▶ _TASK DIRECTIONS_:
Nothing in the data may be omitted; output it all verbatim.

▶ _MATERIAL TO PROCESS_:
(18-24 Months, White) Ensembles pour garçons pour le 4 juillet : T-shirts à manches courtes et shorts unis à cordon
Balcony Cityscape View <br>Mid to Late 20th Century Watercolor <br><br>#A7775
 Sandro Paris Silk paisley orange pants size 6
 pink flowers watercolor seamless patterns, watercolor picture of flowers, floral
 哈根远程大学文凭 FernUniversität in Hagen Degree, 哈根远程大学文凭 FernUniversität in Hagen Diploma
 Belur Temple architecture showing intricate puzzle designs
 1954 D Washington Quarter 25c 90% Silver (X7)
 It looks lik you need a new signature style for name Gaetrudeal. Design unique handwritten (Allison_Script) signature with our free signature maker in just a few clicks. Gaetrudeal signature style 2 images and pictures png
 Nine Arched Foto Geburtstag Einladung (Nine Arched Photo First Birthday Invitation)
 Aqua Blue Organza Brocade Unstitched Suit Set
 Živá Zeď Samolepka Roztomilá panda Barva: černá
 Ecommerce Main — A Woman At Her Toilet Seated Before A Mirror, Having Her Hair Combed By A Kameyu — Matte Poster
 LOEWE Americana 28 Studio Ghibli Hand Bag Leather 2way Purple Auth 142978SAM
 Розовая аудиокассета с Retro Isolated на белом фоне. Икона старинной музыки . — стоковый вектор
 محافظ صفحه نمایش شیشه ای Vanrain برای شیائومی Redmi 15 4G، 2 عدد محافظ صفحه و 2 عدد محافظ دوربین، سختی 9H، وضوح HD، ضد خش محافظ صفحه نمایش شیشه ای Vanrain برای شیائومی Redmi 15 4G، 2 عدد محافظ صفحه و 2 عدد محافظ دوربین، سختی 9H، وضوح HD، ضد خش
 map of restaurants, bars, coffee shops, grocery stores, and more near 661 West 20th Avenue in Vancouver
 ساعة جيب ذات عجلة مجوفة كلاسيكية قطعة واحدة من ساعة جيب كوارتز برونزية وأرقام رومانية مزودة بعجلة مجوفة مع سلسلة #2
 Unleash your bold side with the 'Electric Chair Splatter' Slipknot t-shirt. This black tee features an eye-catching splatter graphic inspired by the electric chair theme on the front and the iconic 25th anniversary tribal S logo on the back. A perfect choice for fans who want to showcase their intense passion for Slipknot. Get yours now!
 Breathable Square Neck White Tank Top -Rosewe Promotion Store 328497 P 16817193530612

▶ _WRITTEN REPLY_:
(18-24 Months, White) Ensembles pour garçons pour le 4 juillet : T-shirts à manches courtes et shorts unis à cordon
Balcony Cityscape View <br>Mid to Late 20th Century Watercolor <br><br>#A7775
 Sandro Paris Silk paisley orange pants size 6
 pink flowers watercolor seamless patterns, watercolor picture of flowers, floral
 哈根远程大学文凭 FernUniversität in Hagen Degree, 哈根远程大学文凭 FernUniversität in Hagen Diploma
 Belur Temple architecture showing intricate puzzle designs
 1954 D Washington Quarter 25c 90% Silver (X7)
 It looks lik you need a new signature style for name Gaetrudeal. Design unique handwritten (Allison_Script) signature with our free signature maker in just a few clicks. Gaetrudeal signature style 2 images and pictures png
 Nine Arched Foto Geburtstag Einladung (Nine Arched Photo First Birthday Invitation)
 Aqua Blue Organza Brocade Unstitched Suit Set
 Živá Zeď Samolepka Roztomilá panda Barva: černá
 Ecommerce Main — A Woman At Her Toilet Seated Before A Mirror, Having Her Hair Combed By A Kameyu — Matte Poster
 LOEWE Americana 28 Studio Ghibli Hand Bag Leather 2way Purple Auth 142978SAM
 Розовая аудиокассета с Retro Isolated на белом фоне. Икона старинной музыки . — стоковый вектор
 محافظ صفحه نمایش شیشه ای Vanrain برای شیائومی Redmi 15 4G، 2 عدد محافظ صفحه و 2 عدد محافظ دوربین، سختی 9H، وضوح HD، ضد خش محافظ صفحه نمایش شیشه ای Vanrain برای شیائومی Redmi 15 4G، 2 عدد محافظ صفحه و 2 عدد محافظ دوربین، سختی 9H، وضوح HD، ضد خش
 map of restaurants, bars, coffee shops, grocery stores, and more near 661 West 20th Avenue in Vancouver
 ساعة جيب ذات عجلة مجوفة كلاسيكية قطعة واحدة من ساعة جيب كوارتز برونزية وأرقام رومانية مزودة بعجلة مجوفة مع سلسلة #2
 Unleash your bold side with the 'Electric Chair Splatter' Slipknot t-shirt. This black tee features an eye-catching splatter graphic inspired by the electric chair theme on the front and the iconic 25th anniversary tribal S logo on the back. A perfect choice for fans who want to showcase their intense passion for Slipknot. Get yours now!
 Breathable Square Neck White Tank Top -Rosewe Promotion Store 328497 P 16817193530612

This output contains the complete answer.